Never run 'sudo chmod 666 /var/run/docker.sock' or 'sudo chown youruser /var/run/docker.sock'. That exposes the socket to all users and breaks security. Instead, add the user to the docker group. Also, check if SELinux is blocking socket access: 'sudo audit2allow -a' may show denials.
When you COPY a script into a Docker image, the file permissions are preserved from the build context. If the source file is not executable (no 'x' bit), the container cannot run it as an entrypoint or command. The fix is to set the execute bit in the Dockerfile: 'RUN chmod +x /path/to/script'. Alternatively, you can use COPY --chmod=+x script /path/ in newer Docker versions.
Another subtle issue is the shebang line. If the script starts with '#!/usr/bin/python' but python is not installed in the container, you get a 'permission denied' because the kernel cannot find the interpreter.
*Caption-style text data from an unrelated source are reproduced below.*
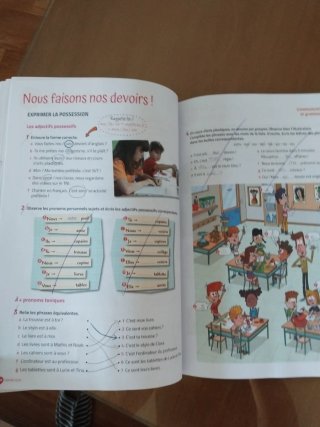 Libros de texto de francés Santillana 1 ESO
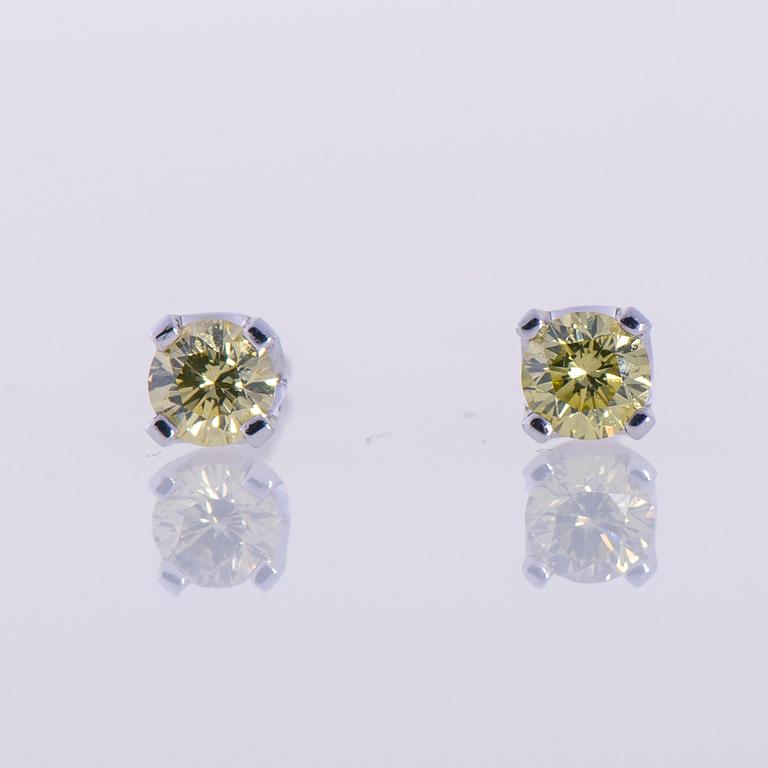 ÖRHÄNGEN, 14K vitguld, naturliga ljusgröna, briljantslipade diamanter tot. 0,36 ct. Vikt 1,7 g.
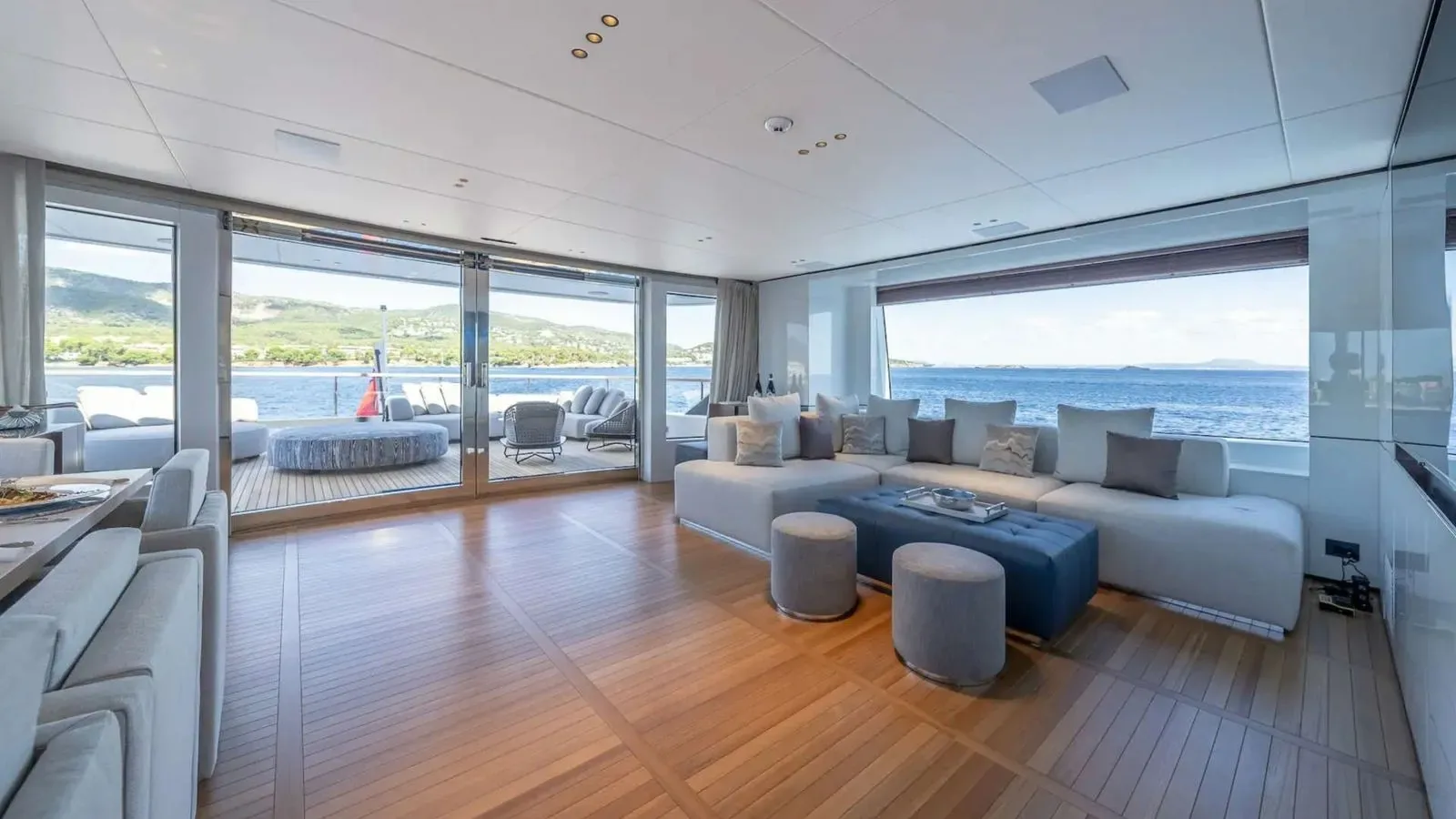 ALPHA WAVES - photo 31 yacht charter Mykonos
Always use '#!/usr/bin/env python' or ensure the interpreter path is correct.
When you mount a host directory into a container, the files retain their original UID/GID from the host. If the container runs as a non-root user (e.g., USER app with UID 1000) and the mounted file is owned by root (UID 0), the container user gets 'permission denied'. Fix by either running the container with '--user 0' (root) or adjusting the host file permissions to match the container user.
User namespace remapping (userns-remap) maps the container's root to a non-root host user. This is a security feature but can cause 'permission denied' on bind mounts because the container's root can't access host files owned by the real root. To test, run 'docker info | grep -i userns'. If enabled, you can either disable it or ensure host files are world-readable.
On systems with SELinux enforcing (Red Hat, Fedora, CentOS), the container runtime is confined by policy. If you mount a volume with the default context, SELinux may deny the container from reading or writing files. The error may appear as 'permission denied' without mentioning SELinux. Check with 'getenforce' and look in /var/log/audit/audit.log for 'avc: denied' messages.
Fix by adding the ':Z' or ':z' flag to the volume mount: '-v /host/dir:/container/dir:Z'. The 'Z' flag relabels the host file to the container's private context. 'z' shares the context among multiple containers. Alternatively, change the SELinux boolean: 'sudo setsebool -P container_manage_cgroup 1' if the error involves cgroups.
Frequently asked questions
I added my user to the docker group but still get 'permission denied'. What's wrong?
The group change does not apply to your current shell session. You need to log out and log back in, or run a new shell with the group: 'newgrp docker'. If that doesn't work, check if SELinux is blocking socket access with 'sudo audit2allow -a'.
My container runs fine locally but fails on the CI server with 'permission denied'. Why?
The CI server likely runs as a different user (e.g., jenkins) that is not in the docker group. Also, the CI build context may have different file permissions. Ensure the Dockerfile sets execute bits explicitly with 'RUN chmod +x'.
What does 'standard_init_linux.go:228: exec user process caused: permission denied' mean?
This error means the container runtime (runc) could not execute the entrypoint or command because the file lacks execute permission or the interpreter is missing. Check the file's permissions inside the container and the shebang line.
Can I use 'sudo docker' as a workaround?
You can, but it's not recommended for production because it bypasses user permissions and can cause file ownership issues with bind mounts. It's better to fix the underlying permission problem.
How do I fix SELinux 'permission denied' for Docker volumes?
Run the container with volume mount flag ':Z' (e.g., '-v /host/dir:/container/dir:Z') to relabel the host directory. Alternatively, change the SELinux context with 'chcon -Rt container_file_t /host/dir'.